What Is DMR? Digital Mobile Radio Explained for Ham Operators

DMR is the most popular digital voice mode in ham radio, but it has a reputation for being confusing. Here's how it actually works: talkgroups, codeplugs, hotspots, networks, and what you need to get on the air.

March 21, 2026 · 14 min read

DMR stands for Digital Mobile Radio. It's a digital voice standard originally designed for commercial two-way radio systems and published by ETSI (the European Telecommunications Standards Institute) in 2005. Ham radio operators adopted it because DMR radios are cheap, the protocol is efficient, and the global repeater infrastructure is massive.

It also has a reputation for being the most confusing thing in amateur radio. That reputation is partly earned. FM is plug-and-play: pick a frequency, set a tone, talk. DMR requires you to understand talkgroups, time slots, color codes, and codeplugs before you can make your first contact. But once the concepts click, the payoff is real. You get crystal-clear digital audio, worldwide connectivity through internet-linked networks, and access to a mode that's growing faster than any other in amateur radio.

How DMR Works

Analog FM radio is simple. One conversation occupies one frequency. If someone else wants to talk on that same frequency, they wait.

DMR uses a technique called TDMA, or Time Division Multiple Access. It splits a single 12.5 kHz channel into two alternating time slots, each roughly 30 milliseconds long. Slot 1 and Slot 2 take turns, switching back and forth so fast that both conversations sound continuous to the human ear. The result: two simultaneous conversations on one frequency, using the same bandwidth that analog FM uses for one.

Your voice is digitized using the AMBE+2 vocoder (Advanced Multi-Band Excitation), compressed into data packets, and transmitted in bursts during your assigned time slot. On the receiving end, the process reverses. The vocoder reconstructs the audio, and what comes out of the speaker is a clean, consistent signal without the static and fade that analog FM produces at the edge of range.

This burst transmission has a side benefit: battery life.
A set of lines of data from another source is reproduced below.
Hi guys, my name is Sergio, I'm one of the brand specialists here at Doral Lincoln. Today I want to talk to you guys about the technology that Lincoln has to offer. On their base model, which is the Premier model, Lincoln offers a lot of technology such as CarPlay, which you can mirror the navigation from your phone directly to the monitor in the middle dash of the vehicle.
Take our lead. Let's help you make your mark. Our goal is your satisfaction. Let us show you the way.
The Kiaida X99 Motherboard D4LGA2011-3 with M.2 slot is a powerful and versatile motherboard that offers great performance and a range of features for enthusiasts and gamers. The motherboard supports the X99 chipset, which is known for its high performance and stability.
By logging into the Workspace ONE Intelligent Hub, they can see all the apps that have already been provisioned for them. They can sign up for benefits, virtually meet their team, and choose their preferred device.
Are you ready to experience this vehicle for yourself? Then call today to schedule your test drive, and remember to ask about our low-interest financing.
Your radio only transmits during its time slot, not continuously. In practice, a DMR radio on a full charge will outlast the same radio running analog FM by a meaningful margin.

TDMA time slot diagram showing how DMR splits one channel into two alternating time slots (TS1 and TS2)
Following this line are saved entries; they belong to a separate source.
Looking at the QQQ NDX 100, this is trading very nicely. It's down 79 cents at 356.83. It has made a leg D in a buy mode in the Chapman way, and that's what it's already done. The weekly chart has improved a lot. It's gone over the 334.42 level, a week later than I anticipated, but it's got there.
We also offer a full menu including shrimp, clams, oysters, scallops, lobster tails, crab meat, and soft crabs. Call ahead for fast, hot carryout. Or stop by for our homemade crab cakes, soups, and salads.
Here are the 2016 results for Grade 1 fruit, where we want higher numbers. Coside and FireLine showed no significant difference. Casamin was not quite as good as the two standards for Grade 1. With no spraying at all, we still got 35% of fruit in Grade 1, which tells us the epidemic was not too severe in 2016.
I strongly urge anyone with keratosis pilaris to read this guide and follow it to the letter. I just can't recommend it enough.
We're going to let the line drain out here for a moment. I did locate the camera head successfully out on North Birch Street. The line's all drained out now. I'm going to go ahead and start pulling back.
DMR Tiers: What Matters for Ham Radio

The ETSI standard defines three tiers. Only one of them matters to most amateur operators.
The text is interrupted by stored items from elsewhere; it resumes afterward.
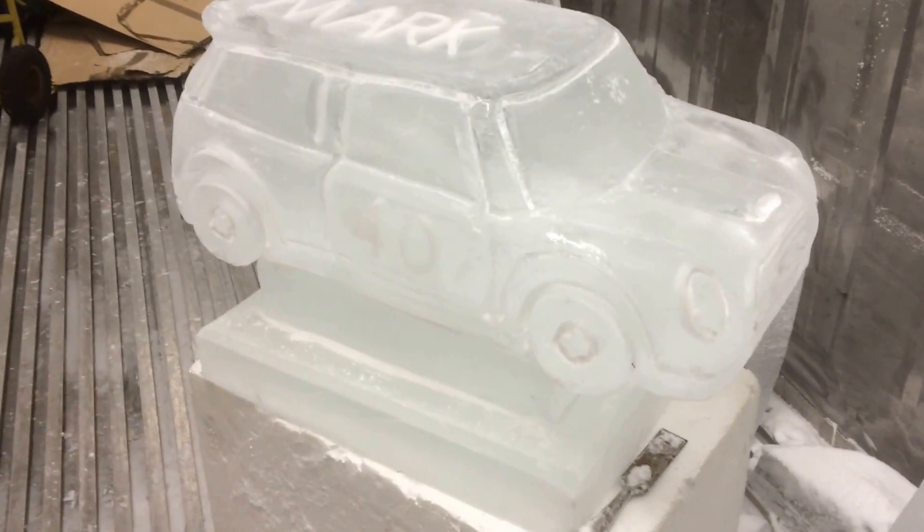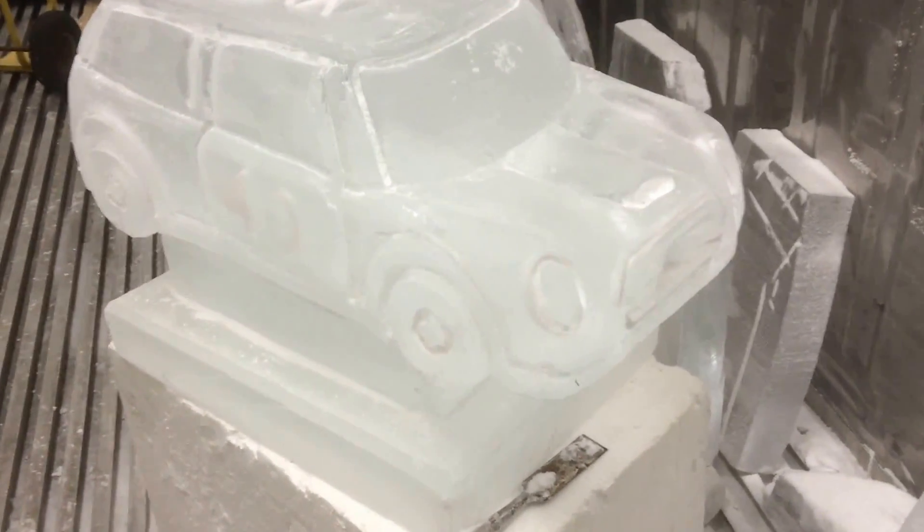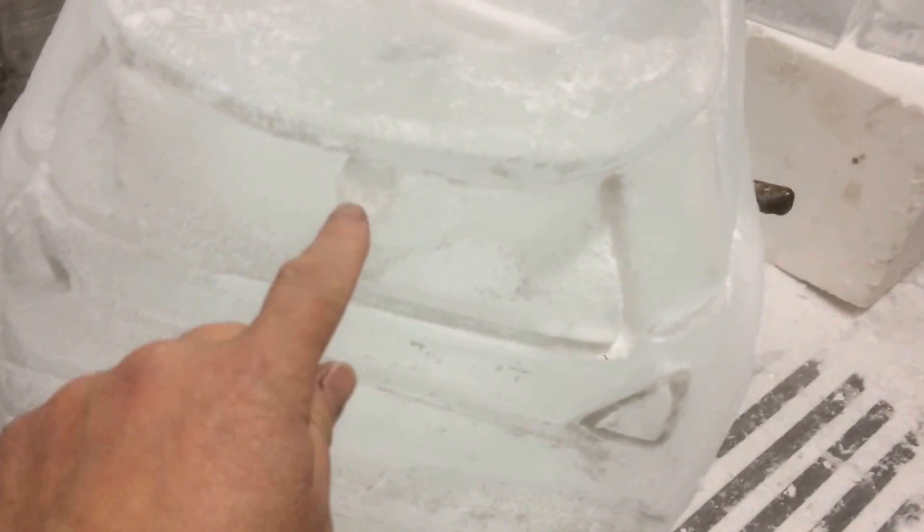Here we have the ice engine scene ready for this weekend. This is an ice luge as well. The luge channel exits from the front just there, and it comes in just at the rear, just about there.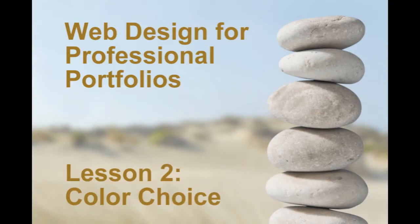This second lesson in the series will cover the choice of colors. Here we'll discuss and demonstrate some things you'll want to keep in mind when choosing or modifying the color palette for your web portfolio.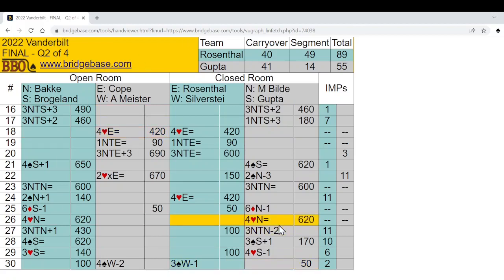You are looking at the score sheet of the second session of IW2022 final. It was Rosenthal versus Gupta team. The first segment was even, as you can see. Gupta lost the second segment 14-49. A quick look at the score sheet shows a string of losses from board 24.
Tier I is license-free, low-power, simplex-only operation. Think of it as the digital equivalent of FRS. No repeaters, no infrastructure. Ham operators don't use Tier I.

Tier II is where amateur radio lives. Tier II is a conventional (non-trunked) repeater-based system using two-slot TDMA. Every DMR repeater you'll hit as a ham, every hotspot you'll set up at home, and every talkgroup you'll join operates on Tier II. When people say "DMR" in a ham radio context, they mean Tier II.

Tier III is trunked radio for large commercial and public safety deployments. Multiple repeater channels are managed by a central controller that dynamically assigns channels to users. Think city police departments, airport operations, utility companies. As a ham, you won't use Tier III, but you might hear it mentioned in the context of commercial Motorola or Hytera systems.

The Concepts You Need to Know

DMR has more moving parts than analog FM. Here are the ones that actually matter when you're getting started.

Talkgroups

A talkgroup is a virtual channel. Instead of assigning each conversation to a specific frequency (like analog FM does), DMR assigns conversations to numbered groups. Multiple talkgroups can share the same repeater frequency by using different time slots or by being activated on demand.

Think of a repeater as a building with many rooms. Each talkgroup is a room. When you select a talkgroup and transmit, everyone monitoring that talkgroup hears you. Everyone in other talkgroups on the same repeater does not.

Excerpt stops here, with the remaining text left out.